Felizmente, há alguns fatores que podem ajudar. “Devemos ver neste ano uma recomposição de preços de commodities, o que favorece o Brasil, afasta a possibilidade de descontrole e nos dá um fôlego adicional”, diz Alex Agostini, economista-chefe da Austin Ratings, agência brasileira de classificação de risco. Ainda assim, a Austin prevê que o endividamento chegará a 77% do PIB neste ano e a 80% em 2025. Como a Austin, as agências internacionais S&P e Moody’s preveem um inchaço da dívida brasileira nos próximos anos. A primeira estima que chegará a 83% do PIB até 2026, enquanto a segunda espera incremento para 81% do PIB até o fim do ano que vem. “A política fiscal neste governo é mais expansiva, mas a questão da dívida é uma fraqueza histórica do Brasil”, afirma Manuel Orozco, diretor da S&P e analista da América Latina. Apesar da preocupação, a S&P elevou recentemente a nota de crédito brasileira. “Valorizamos a independência do Banco Central e as reformas recentes, como a tributária”, diz Orozco. “O ganho institucional importa mais do que a dívida, mas isso tem limite.”

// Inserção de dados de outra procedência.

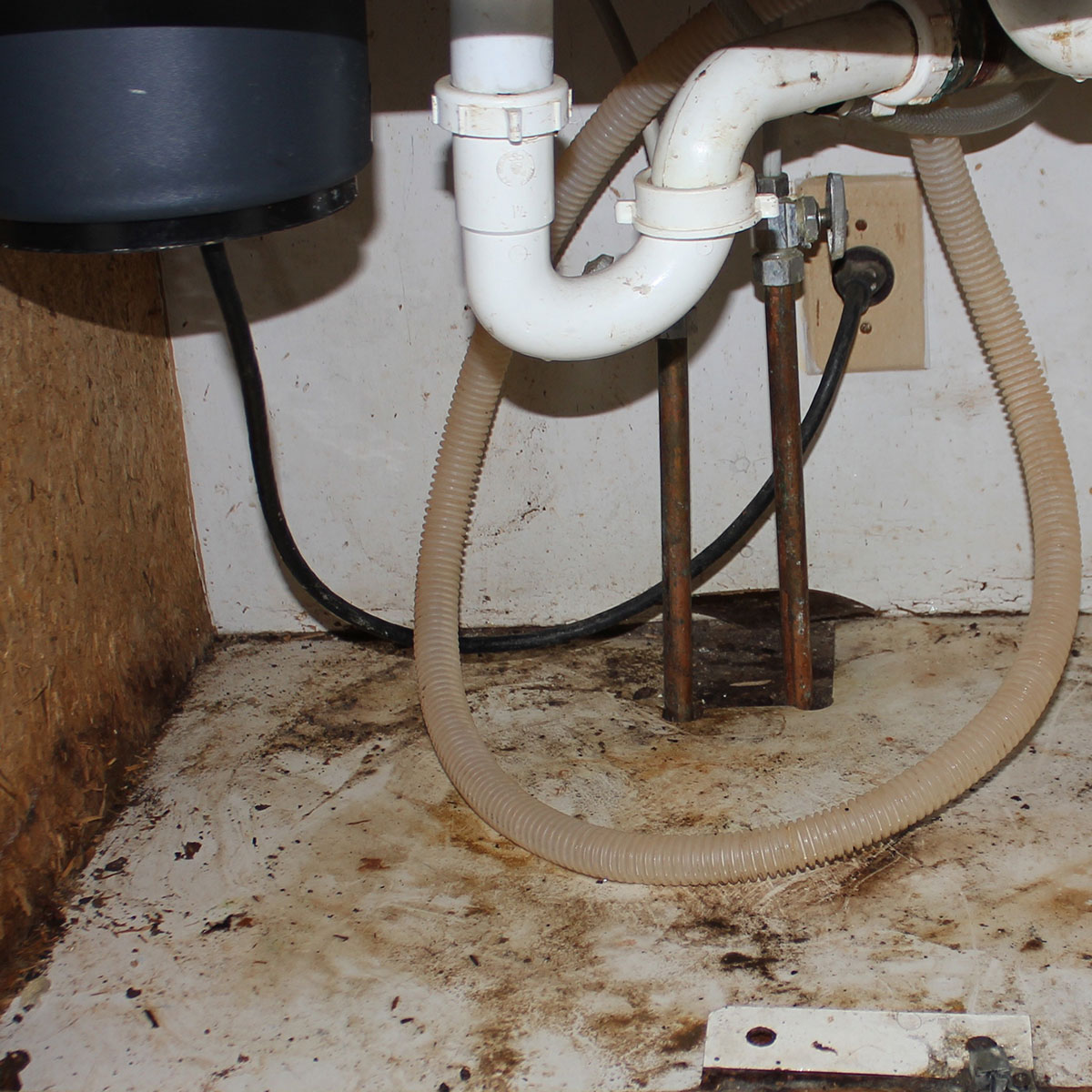 Mold underneath a kitchen sink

Além do valor proporcional da dívida, é preciso olhar para a capacidade de o país absorver os débitos contraídos. No fechamento do ano, a poupança ficou em 982 bilhões de reais, abaixo do valor de 1,1 trilhão de reais registrado em 2022. “Essa riqueza potencial é aplicada em ativos financeiros, mas, embora o Brasil não esteja em crise fiscal, a situação preocupa por causa da trajetória”, diz o economista Gustavo Loyola, ex-presidente do Banco Central. A composição da dívida pública é outro fator a ser avaliado. Um quarto dela equivale aos gastos com a previdência, que vencem no curto prazo e não são de fácil refinanciamento. A dívida também é considerada cara porque o padrão que baliza as emissões de títulos públicos para o seu financiamento é a taxa Selic, historicamente alta. No ano passado, a conta de juros foi de 718 bilhões de reais. “Mas há um processo de flexibilização da política monetária que contribui para a redução do custo e a estabilização da trajetória da dívida”, diz Rogério Ceron, secretário do Tesouro Nacional do Ministério da Fazenda.

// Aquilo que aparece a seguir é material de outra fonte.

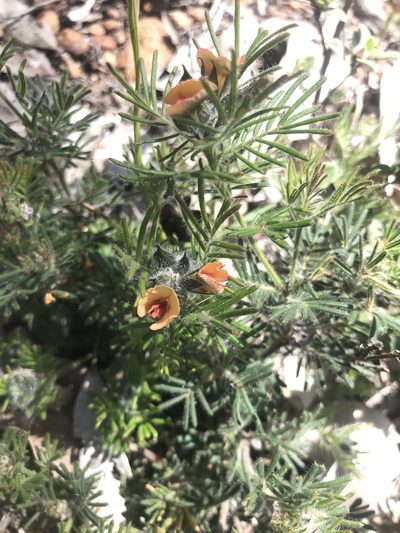 Gompholobium preissii, photographed by Ann Bentley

Ao contar com a flexibilização da política monetária, o governo escolhe o caminho do controle da dívida por meio do aumento da arrecadação, sem otimização dos gastos obrigatórios nem cortes em outras frentes. Uma agenda de concessões de serviços públicos também poderia auxiliar na tarefa, mas isso tampouco está no radar da gestão Lula, que, ao contrário, trabalha para tentar reverter privatizações de administrações anteriores. Sendo assim, é melhor estar preparado: o Brasil provavelmente continuará dançando por um bom tempo na corda bamba.